Babasının “ezici bir dehası”nın olduğundan bahsedermiş.
Simenon üç tür roman yazıyor:
En ciddiye aldıkları, ‘sıkı’ romanlar. Bunlar kendi arasında ikiye ayrılıyor: Cinayet romanları ve daha genel olarak ev haliyle ilgili ve cinsel anlatılar. Bu ‘sıkı’ romanların kendisine Nobel getirmesini beklemiş Simenon.
Diğer yanda, Graham Greene’in ifadesiyle, ‘eğlencelikler’ var.

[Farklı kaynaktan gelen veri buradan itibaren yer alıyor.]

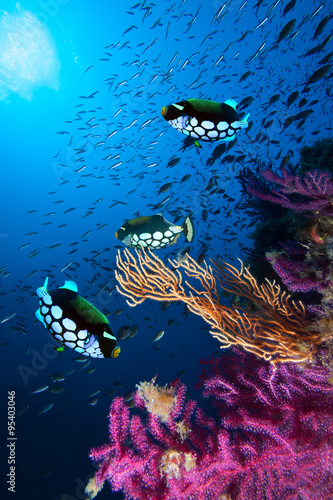 zdjecie-kolonii-koralowcow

Simenon pek istemese de asıl ününü bu eğlenceliklerden edinmiş. Romanları 1940’lı yıllarda büyük ölçüde tercüme edilmeye başlamış. Britanya’da, iki televizyon dizisi çekilmiş Maigret için. Birinde Rupert Davies (1960’lar) rol almış, öbürün de de Michael Gambon (1980’ler). Simenon, Rupert Davies’e, “Sonunda mükemmel Maigret’yi buldum,” notunu düştüğü bir imzalı kitap da hediye etmiş. Müfettiş Maigret’yi canlandıranlar arasında Richard Harris ile Charles Laughton’ın olduğunu da hatırlatalım.
Müfettiş Maigret’nin Simenon’un kendisinden esinlenip esinlenmediği de çok tartışılmıştır. Burada bir iki ayrıntı ilginçtir:Müfettiş Maigret, kimi zaman somurtsa da, Simenon’un aksine karısına çok düşkündür. Öte yandan, Müfettiş Maigret ile Simenon arasındaki zihinsel bağlantılar da ihmal edilemez. Müfettiş Maigret, etrafındakiler tarafından çoğu kez önemsenmese de işini sonuna kadar sürdüren ve sonunda herkesi şaşırtan bir tiptir. Yani, annesi ve babası tarafından yeterince sevilmeyen ve Fransa’da yaşamak zorunda kalan Belçikalı Simenon’un bir ters yansıması gibi.Bir de, Müfettiş Maigret ilk ortaya çıktığında 45 yaşındadır. Bu yaş, baba Simenon’un kalp hastalığı yüzünden öldüğünde basmak üzere olduğu yaştır.